Big Lots' fiscal Q2 earnings slip 8% to US$35.7M as revenue grew 3% to US$1.17B, hurt by 1.5% sales decline at stores open at least two years, charge related to new Canadian stores

COLUMBUS, Ohio , August 25, 2011 () – Big Lots Inc. said Thursday that its fiscal second-quarter net income slipped 8 percent, hurt by a decline in a key revenue metric and a charge related to its new Canadian stores.

Still the discount store chain exceeded its own expectations for the quarter, and those of analysts. It raised the low end of its full-year earnings guidance, citing its quarterly performance and recent buybacks.

Big Lots earned $35.7 million, or 50 cents per share, compared with $38.9 million, or 48 cents per share, a year ago.

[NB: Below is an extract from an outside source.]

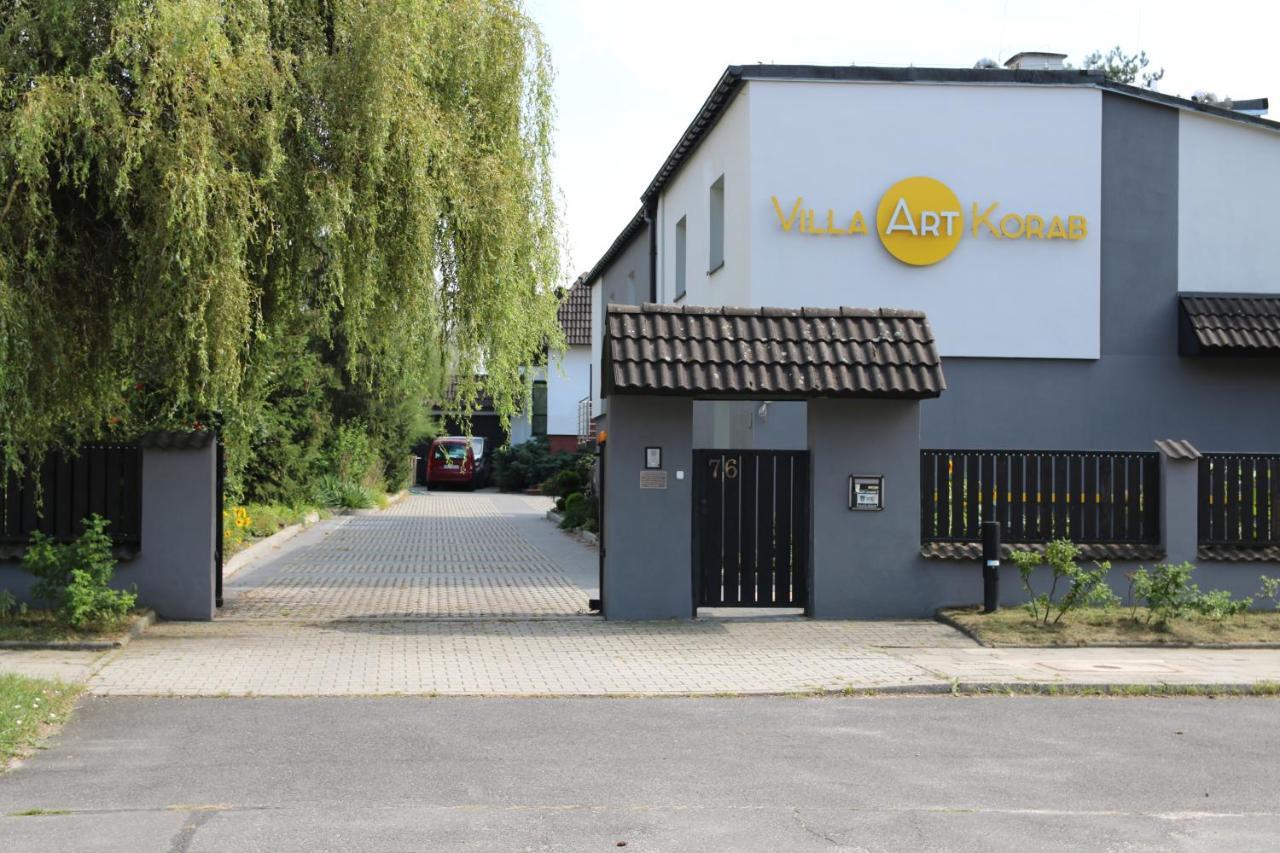 Villa Art Korab Gliwice Esterno foto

The per share discrepancy figures reflect fewer shares outstanding in the current quarter.

Removing 2 cents per share tied to its new Canadian retail operations, income from continuing operations was 52 cents per share. Big Lots obtained the Canadian stores as part of its acquisition of Liquidation World Inc. in July.

Analysts expected earnings of 44 cents per share, according to a FactSet survey.

Revenue for the period ended July 30 increased 3 percent to $1.17 billion from $1.14 billion.

Revenue at U.S. stores open at least two years fell 1.5 percent. This figure is a key indicator of a retailer's health because it excludes stores recently opened or closed.

Big Lots said it now expects full-year earnings to be in a range of $2.80 to $2.90 per share. Its previous forecast was for earnings between $2.75 and $2.90 per share.

Analysts predict earnings of $2.89 per share for the year.